But I guess it has come full circle and now I feel somewhat imprisoned by those feelings that at one time felt so freeing and liberating. Because I keep craving those things.

He has NEVER bored me. He has never made me tired and he has never stopped being a curiosity to me.

I live in hope that my awareness of my emotional stupidity is the thing that sees me through it. But I also fear a feeling of a loss. That I need to walk away from it all. That before I drown, I should try and get myself out of the water. Instead of just praying he’ll reach out to me with a hand, with a fingertip to say “I won’t let you drown.”

It’s like… I want permission.
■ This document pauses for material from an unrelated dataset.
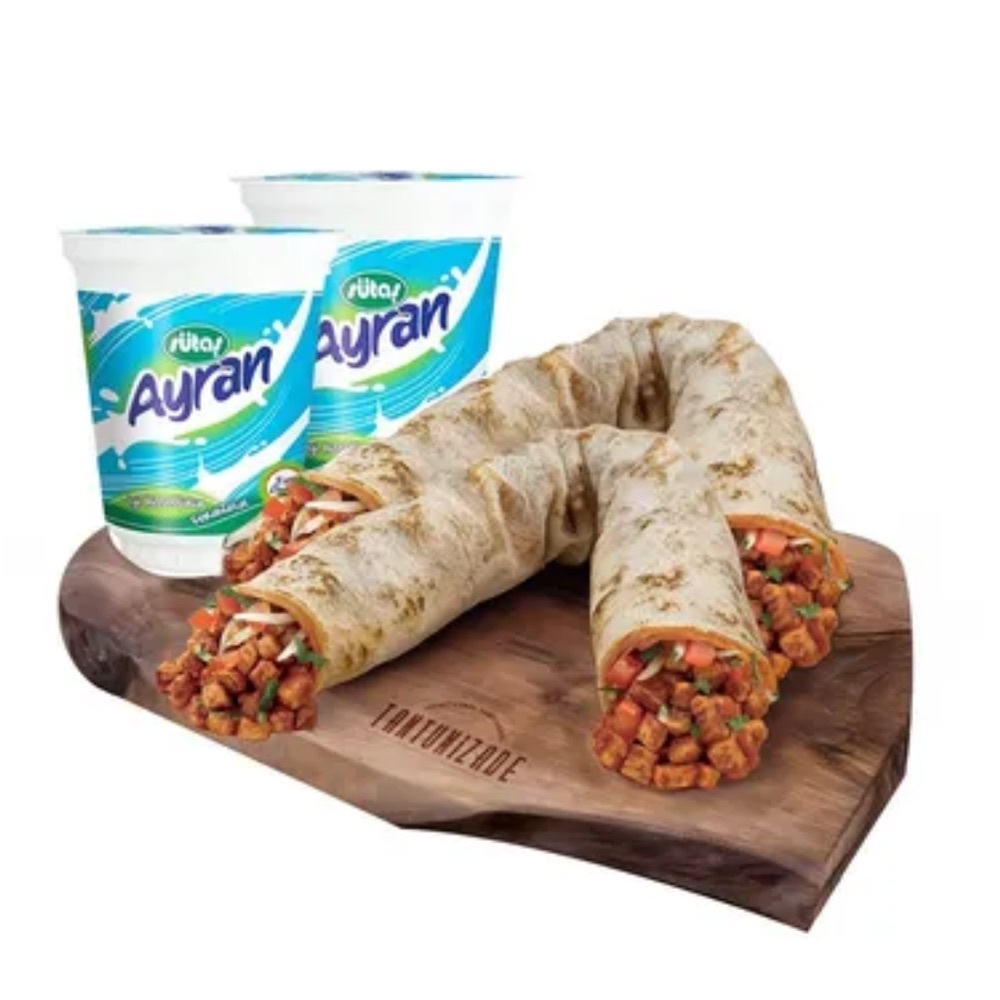 Dürüm Tavuk Tantuni (1 Adet) Ayran (170 cl)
I want permission to love him. I want to know that it’s okay that I do. And that he doesn’t see me as odd or strange, or thinks I’m weird or an idiot, or worst of all – pities me. That he understands. That he cares that I care! But how can I expect that of him?
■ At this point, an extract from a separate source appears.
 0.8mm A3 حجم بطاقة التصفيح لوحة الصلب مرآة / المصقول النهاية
I don’t know where I go from here. I feel I should talk about it because… because supposedly it helps to talk? I worry about “exposing” myself.
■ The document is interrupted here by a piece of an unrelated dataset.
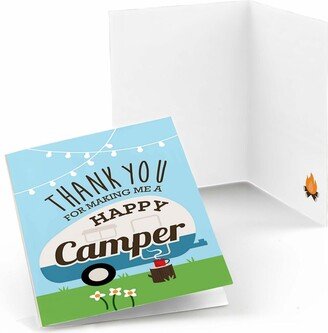 Big Dot Of Happiness Happy Camper - Camping Baby Shower or Birthday Party Thank You Cards (8 count)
I don’t know how to end this post.

And Then It Continued…

Sharing the things that make/made me most happy. This is how it started. I titled this “And Then It Continued…” but this is really how it started.

I loved this “artwork” so much. And I couldn’t believe that he liked it as much as I did. For that I will be forever grateful. I wish it would have got printed in the Heart Of The Crowd book. It was all I wanted in there. Just the piece. Not even any words. But for want of the photo of it being printed – the words had to suffice.

Does he still have his copy on a wall? I can only ever hope. Or lie to myself that yes, it’ll be there. Somewhere.

I know my copy is still on my bedroom wall. And always will be. All the days of my life. It’ll be going nowhere. And I guess that’s the thing.

I’ll always have mine with me. That’s it.

It Feels Like The End

I don’t know what this is any more. I obviously want it to be more than it is. More than it can be.

I’m too emotionally invested in this thing. I have been for years now. And I have been too frightened to cut the ties completely. Still praying to be liked. Still praying for something more. Still praying to be a “real fan” was enough.

The more time passes, the more I think that to have remained blocked from the Simple Minds Facebook page would have been the best thing for me.

Time would have healed the wound. I would have found something else to fill the cavernous void…eventually.

I cannot stop seeing the things that happen as things that I have caused personally.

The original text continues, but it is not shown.